In this review, I aim to discuss cancer genomics, the growing presence of scMO in oncology research, processing and interpretation of big multiomics data, and machine learning for scMO. Specifically, I highlight the pathology, causation, genomics and epigenomics of cancer, single-cell sequencing techniques and its role in oncology, the importance of multi-omics and the role of scMO in precision medicine. The latter half reviews current trends in single-cell oncology-based ML for superior detection and treatment, highlighting basic probabilistic and ML models used in multi-omics and future ML-based genomic medicine. Finally, I discuss an underrepresented challenge - the presence of big data in cancer as a result of the rapidly-improving single-cell omics technologies and the subsequent “curse of dimensionality”⁷, highlighting data- and algorithm-based solutions.

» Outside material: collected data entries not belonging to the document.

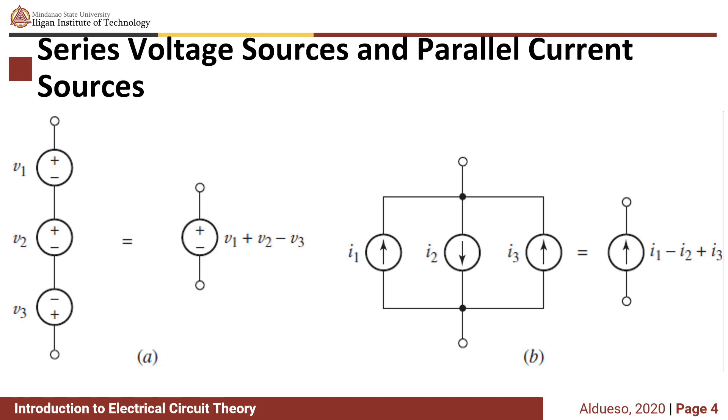Series voltage sources and parallel current sources. If you have series voltage sources, you can combine them into one voltage source. Looking at this source, we have V1, V2, and V3. If you want to combine this into a single source having this polarity — V negative — this is equivalent to V1 plus V2 minus V3.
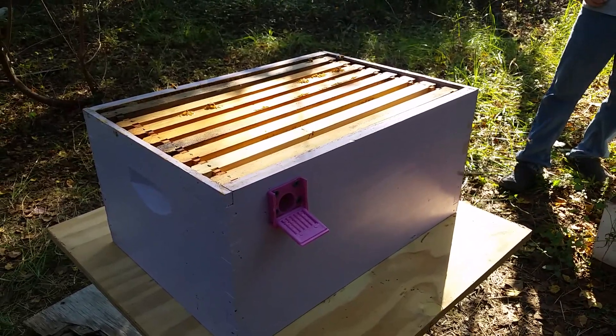So the next step is to put the Langstroth hive on there. Our bees have already been investigating this drawn wax that we have in those frames. They really like wax that's already drawn.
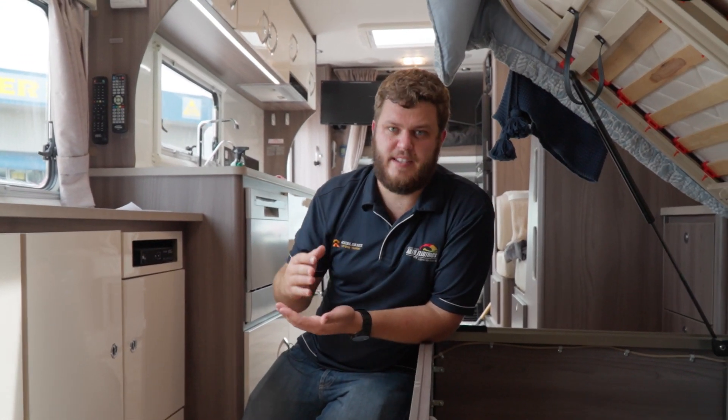What that means is you're getting 40 amps from the DC-DC and at the same time potentially another 40 amps from the solar controller — obviously depending on sunshine — which means you can be getting up to an 80-amp charge while you're driving. That is a really, really good amount of charge.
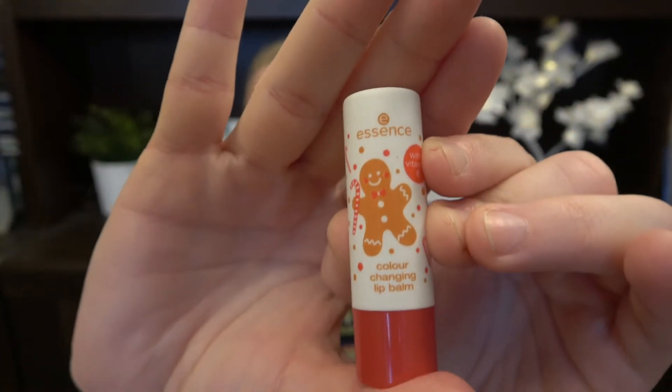Then we have from Essence their color changing lip balm. It gives a little bit of tint and the packaging is adorable — it is so cute. I will try to use this up; usually it takes about four months to finish one if I use it consistently. And then I have one hair mask from Head Shock — this is the conditioning hair mask. It's something that takes a little bit of time: you have it in your hair and it's actually hard to get that cap on. I think I have three of them and I've used one.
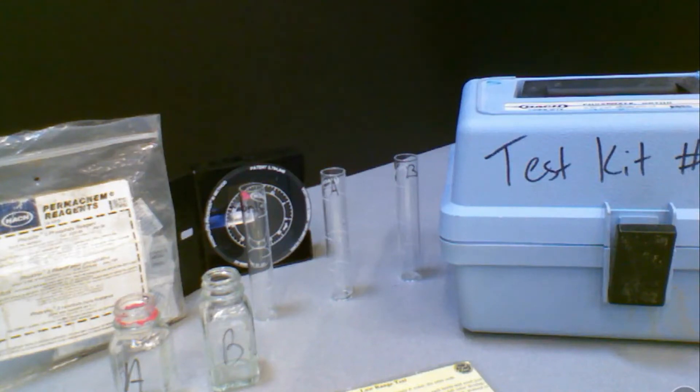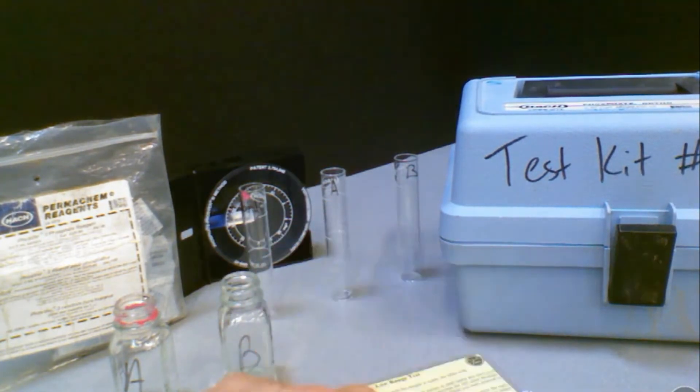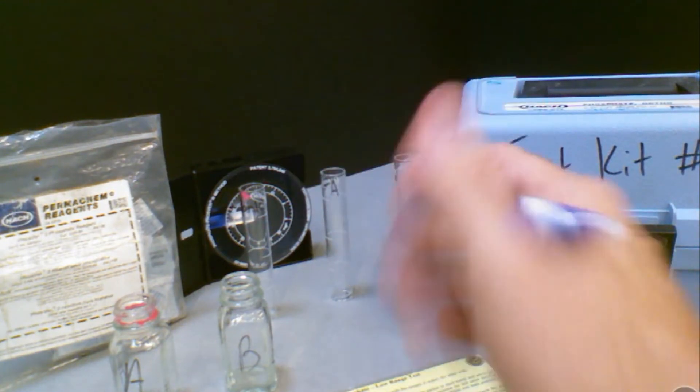This video will cover how we test for phosphate in the stream. When you open your kit up, the first thing you'll notice is that there's a variety of different materials. You are using glass bottles here, so please be careful on how you handle those at the test site. The first thing to point out is you will have some square mixing bottles, labeled A and B for both your samples. You also have some regular test tubes in the back.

I. THE COMPLEXITY OF CANCER

The definition of cancer is often extended beyond that of a targeted disease - it is considered a complex biological system, governed by genetic alterations. Cancer shows highly heterogeneity, both in its phenotypic manifestation and its genome. Despite this variability, a set of genomic properties are common in cancers: (1) uncontrolled growth and division of cells in our body, (2) damage to DNA and the presence of alterations, deletions, rearrangements, and genetic dysregulation, and (3) temporal genetic and epigenetic changes, causing loss of control at the single-cell gene level⁸.

Tumor Progression

Studies have generated a so-called “cancer blueprint”⁹, showing how one alternatively -expressed cell can create a myriad of manifestations. The first manifestation is the pre-malignant lesion. An example is the autosomal dominant disease FAP (familial adenomatous polyposis; related to colon polyps.) The gene APC is an inhibitor of the WNT signalling pathway and cells without APC have unstoppable growth¹⁰. In practice, lesions often disappear¹¹; if not, the next stage of cancer presents as a primary tumor. The local malignant tumor, unlike lesions, rarely disappears and often reaches the next stage: a lethal tumor that may spread in the body, resist immune response/treatment, and cause invasion and metastatic disease - the two key drivers of cancer mortality¹².

Carcinogenic Mutations

High-throughput sequencing technologies have caused the identification of three genes shaping our understanding of the blueprint: oncogenes (e.g. growth factors or GF, GF receptors, signaling molecules, protein transcription regulators in nucleus¹³) which control cell growth and cell lethality, tumor suppressor genes which control DNA repair and growth¹⁴¹⁵, and most-interestingly, epigenetic modifiers such as enzymes regulating transcription or proteins for chromatin formation. 10% cancers are inherited in germline mutations with high penetrance (causing 40-90%< people inheriting the mutations to develop cancer/cancers¹⁶). Many such mutations were identified using bulk sequencing and are often oncogene or tumor suppressor mutations.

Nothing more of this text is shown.